La politique n’est pas ma tasse de thé. Parce que je pense que les leaders politiques ne font pas du bon travail. Il n’y a aucun sentiment d’union en faveur de la planète qui est en grand danger. Nous vivons des moments historiques très durs, très difficiles. Nous sommes tout près de multiples conflits qui peuvent exploser à plusieurs endroits. Partout, les tensions grandissent. Nous avons la guerre à côté de chez nous.
Vous croyez encore à la démocratie?
Je crois que l’idée de la démocratie est tellement forte et solide qu’elle est une puissance naturelle qui a encore une chance d’être concrétisée d’une manière appropriée. Nous sommes en danger et nous devrions nous unir dans cet effort de sauver la paix. Pour ce faire, la mission des leaders politiques est essentielle, mais, malheureusement, pour le moment, je ne vois aucune autorité qui puisse assumer ce rôle et dire: allons-y les gars, essayons de sauver la planète et notre humanité.
Vous êtes pessimiste?
Oui, malheureusement, je le suis. Qui sait, peut-être, „EO“ aura de l’effet et pourra au moins toucher des gens. Par exemple, moi-même et ma femme, nous avons réduit la consommation de viande, à raison d’une fois par semaine, alors que nous en mangions quasiment tous les jours.
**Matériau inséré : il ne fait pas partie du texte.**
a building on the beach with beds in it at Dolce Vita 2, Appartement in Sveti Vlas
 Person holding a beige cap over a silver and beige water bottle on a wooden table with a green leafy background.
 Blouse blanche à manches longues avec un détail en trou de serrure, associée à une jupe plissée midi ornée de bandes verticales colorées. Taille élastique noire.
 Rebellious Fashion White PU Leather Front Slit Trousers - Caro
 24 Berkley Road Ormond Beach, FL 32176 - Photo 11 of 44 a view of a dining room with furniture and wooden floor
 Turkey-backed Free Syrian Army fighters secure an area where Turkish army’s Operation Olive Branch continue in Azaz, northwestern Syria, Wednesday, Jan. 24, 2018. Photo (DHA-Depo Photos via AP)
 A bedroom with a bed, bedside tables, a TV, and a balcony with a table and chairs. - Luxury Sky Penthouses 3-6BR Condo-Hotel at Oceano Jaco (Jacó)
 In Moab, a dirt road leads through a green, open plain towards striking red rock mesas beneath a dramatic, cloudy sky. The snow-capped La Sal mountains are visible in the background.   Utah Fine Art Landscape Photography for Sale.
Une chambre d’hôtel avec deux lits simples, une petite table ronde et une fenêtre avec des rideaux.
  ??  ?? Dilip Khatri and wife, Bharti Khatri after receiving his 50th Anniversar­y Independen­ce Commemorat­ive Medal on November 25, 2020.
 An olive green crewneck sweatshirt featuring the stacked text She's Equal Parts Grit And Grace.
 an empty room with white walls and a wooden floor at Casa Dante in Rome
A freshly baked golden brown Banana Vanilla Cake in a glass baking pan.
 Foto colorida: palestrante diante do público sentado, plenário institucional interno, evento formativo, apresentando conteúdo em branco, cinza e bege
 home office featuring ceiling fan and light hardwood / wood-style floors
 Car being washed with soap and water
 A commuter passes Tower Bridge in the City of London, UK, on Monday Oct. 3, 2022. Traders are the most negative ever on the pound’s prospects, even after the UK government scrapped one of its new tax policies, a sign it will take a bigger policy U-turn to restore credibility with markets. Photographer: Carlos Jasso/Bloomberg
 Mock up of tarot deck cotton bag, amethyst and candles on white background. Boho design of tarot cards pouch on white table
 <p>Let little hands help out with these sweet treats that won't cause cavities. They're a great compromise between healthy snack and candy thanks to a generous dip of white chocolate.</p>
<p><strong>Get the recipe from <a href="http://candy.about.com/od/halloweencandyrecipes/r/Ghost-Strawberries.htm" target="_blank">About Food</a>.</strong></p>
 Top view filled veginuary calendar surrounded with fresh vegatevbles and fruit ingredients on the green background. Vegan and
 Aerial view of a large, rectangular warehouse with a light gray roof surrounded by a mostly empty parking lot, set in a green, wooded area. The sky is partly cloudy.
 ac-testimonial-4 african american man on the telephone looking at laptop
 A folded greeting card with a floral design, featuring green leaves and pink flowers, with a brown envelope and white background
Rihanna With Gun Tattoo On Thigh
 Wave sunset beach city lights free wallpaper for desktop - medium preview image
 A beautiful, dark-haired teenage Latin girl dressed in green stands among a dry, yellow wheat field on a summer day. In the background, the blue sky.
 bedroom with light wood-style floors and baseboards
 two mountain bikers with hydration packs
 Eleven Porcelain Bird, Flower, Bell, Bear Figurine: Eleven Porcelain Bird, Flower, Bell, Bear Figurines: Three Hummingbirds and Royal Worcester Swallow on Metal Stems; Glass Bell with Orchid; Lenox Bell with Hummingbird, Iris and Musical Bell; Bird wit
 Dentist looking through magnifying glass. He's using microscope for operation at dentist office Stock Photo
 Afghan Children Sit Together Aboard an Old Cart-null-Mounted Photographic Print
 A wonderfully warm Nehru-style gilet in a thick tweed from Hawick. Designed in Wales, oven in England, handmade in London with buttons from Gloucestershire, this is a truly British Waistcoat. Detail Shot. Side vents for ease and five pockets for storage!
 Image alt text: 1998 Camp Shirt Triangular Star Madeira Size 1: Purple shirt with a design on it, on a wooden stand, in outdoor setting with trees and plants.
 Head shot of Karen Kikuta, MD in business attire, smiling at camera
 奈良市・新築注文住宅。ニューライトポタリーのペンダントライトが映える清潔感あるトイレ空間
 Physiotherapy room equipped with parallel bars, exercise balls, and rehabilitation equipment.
Mon équipe, pendant le tournage, a complètement arrêté d’en consommer. Si plus de gens suivaient ce changement d’habitudes, s’ils adoptaient ce comportement, peut-être qu’une partie des spectateurs de mon film auraient l’idée de manger moins de viande. Alors des activités humaines, en particulier le système de production de viande industrielle, s’arrêterait. Exécuter des animaux afin d’avoir un bout de viande dans l’assiette est d’une barbarie sans nom. Réduisons la consommation de viande, soyons plus gentils avec les animaux qui nous entourent!
„EO“ de Jerzy Skolimowski. Avec Sandra Dzymalska, Lorenzo Zurzolo. En salles.